Among all the headlining stories and shockingly graphic pictures, I came across the story of the Boston area developing a list to provide homes, meals, and even taxi fare for those displaced by the explosions. More than 4,000 people wrote down their emails, home phone numbers, and other personal contact info to reach out and offer a helping hand. This was exactly the story I needed to read on a morning like this. Proof that there may have been one or two people who could do something terrible but that there’s thousands offering to help make it better. In times like these, this is the story that should be the prevalent message. The residents in and around Boston stood together and showed love to strangers and, in doing so, to the rest of the world.
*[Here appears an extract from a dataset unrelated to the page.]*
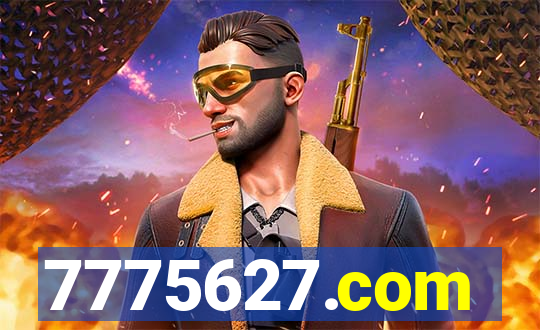 7775627.com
My prayers are with all of these people today. I pray those who were injured heal quickly. I pray those who lost a loved one find comfort. I pray those who offered shelter know they also offered hope. I pray those that set the explosions find they help they desperately need. May God’s presense be felt by all those who need it.
Today my challenge is to find ways to do things for others. I’d like to be there for everyone today. Opening a door for someone with their hands full, offering encouragement to a friend in need – all these little things add up and show that there are people who care and who want to live in this world to better it.
Life is short my friends. It’s also the most precious gift.
Do not squander time, for that is the stuff life is made of. – Benjamin Franklin
Go out and have an AMAZING Tuesday everyone. Make it amazing.